Isaya v Limiri & 3 others [2023] KEELC 18475 (KLR) | Temporary Injunctions | Esheria

Isaya v Limiri & 3 others [2023] KEELC 18475 (KLR)

Full Case Text

Isaya v Limiri & 3 others (Environment and Land Appeal E008 of 2023) [2023] KEELC 18475 (KLR) (5 July 2023) (Ruling)

Neutral citation: [2023] KEELC 18475 (KLR)

Republic of Kenya

In the Environment and Land Court at Meru

Environment and Land Appeal E008 of 2023

CK Yano, J

July 5, 2023

Between

Dominic Isaya

Appellant

and

Stanley M’mario Limiri

1st Respondent

Ministry of Lands Setlement Tigania East

2nd Respondent

Office of Survey & Physical Planning

3rd Respondent

Attorney General

4th Respondent

Ruling

1. By a notice of motion dated January 31, 2023, the appellant/applicant is seeking for orders of injunction restraining the 1st respondent, his agents, servants, employees, assignees, or anybody else claiming under his name from further fencing, trespassing, changing boundaries, planting or harvesting any crops, causing any developments or interfering with the appellant’s land at Kangara Amugaa area which is mapped as 10062 Ankamia measuring approximately 1 acre until hearing and determination of this application and until the hearing and determination of the appeal herein. In the alternative, the appellant prays that status quo as at January 13, 2023 be maintained in that the appellant remains in uninterrupted occupation on the suit land until the appeal is heard and determined.
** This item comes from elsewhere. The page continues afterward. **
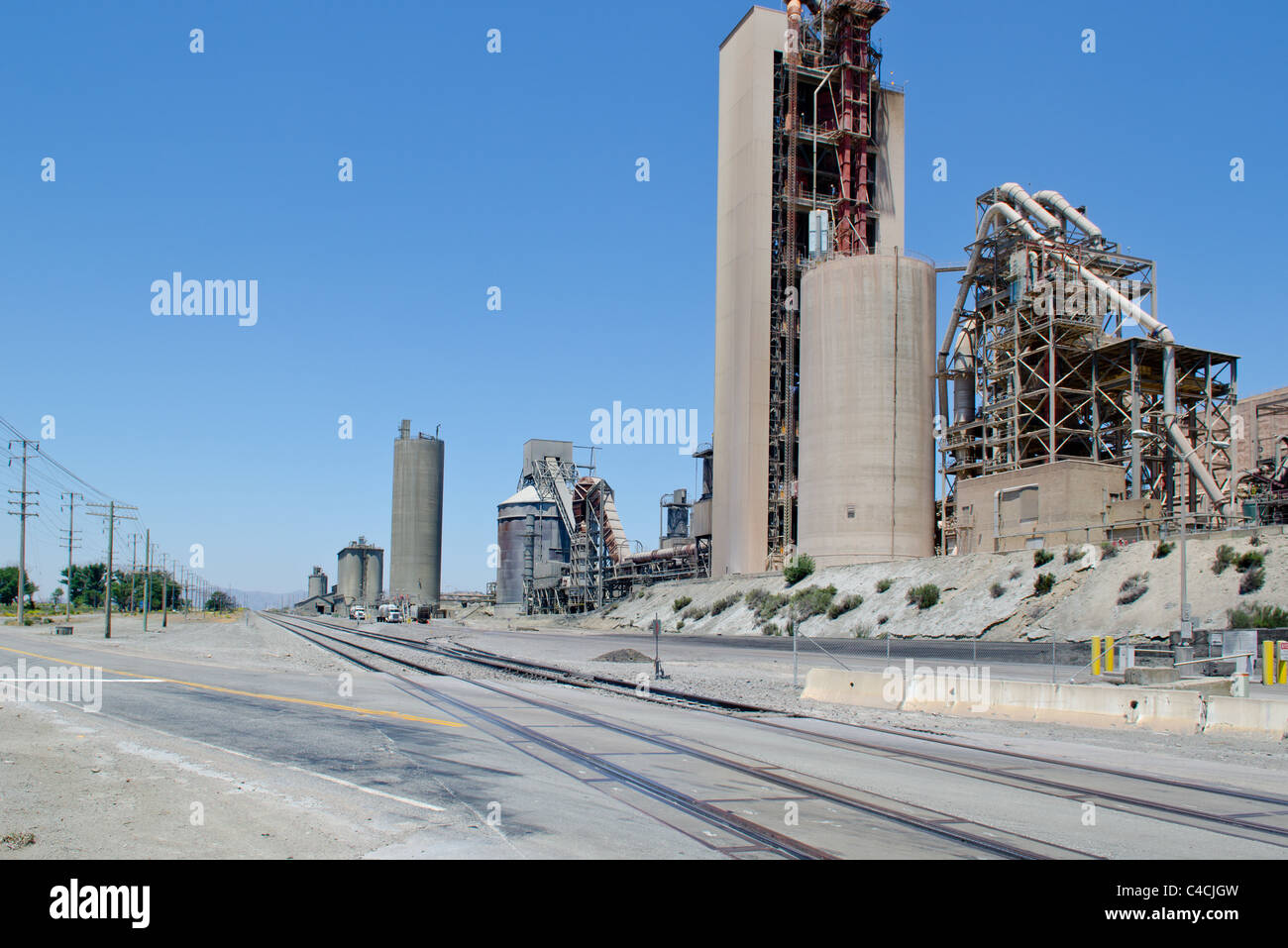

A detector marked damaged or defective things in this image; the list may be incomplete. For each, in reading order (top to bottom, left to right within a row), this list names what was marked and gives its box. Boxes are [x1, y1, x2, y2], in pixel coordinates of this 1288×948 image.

rusty metal structure [767, 0, 891, 567]
rusty metal structure [937, 185, 1236, 551]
The application is brought under section 3, 3A, 63(e) of the Civil Procedure Act, Order 51 Rule 1 and Order 40 Rule 1, 2 & 3 of the Civil Procedure Rules and is premised on the grounds in the face of the motion and supported by the affidavit of Dominic Isaya, the applicant sworn on January 31, 2023.
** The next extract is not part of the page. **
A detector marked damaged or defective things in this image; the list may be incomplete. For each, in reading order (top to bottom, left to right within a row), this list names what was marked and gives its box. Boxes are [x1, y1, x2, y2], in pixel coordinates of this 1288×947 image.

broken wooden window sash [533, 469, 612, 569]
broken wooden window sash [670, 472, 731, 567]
2. The applicant avers that he has been in occupation of the suit land since the year 2011 where he has been doing farming such as planting tea bushes without any interference until July 2022 when the 1st respondent started interfering with the applicant’s occupation by trying to fence part of the land and the applicant filed suit in the subordinate court. The applicant avers that he bought the land from the 1st respondent in 2012 and has been in occupation of 1 acre thereof and annexed a copy of the agreement for sale. The applicant states that title to the land was issued at the end of the year 2021. He has also annexed copies of the title deed and documents showing that he has been harvesting and selling the said tea bushes.

3. It is the applicant’s contention that the trial court misunderstood his application for injunction and/or status quo until the suit is heard and determined. The applicant avers that unless the orders sought are granted, he may lose his livelihood which cannot be compensated and he may suffer immensely.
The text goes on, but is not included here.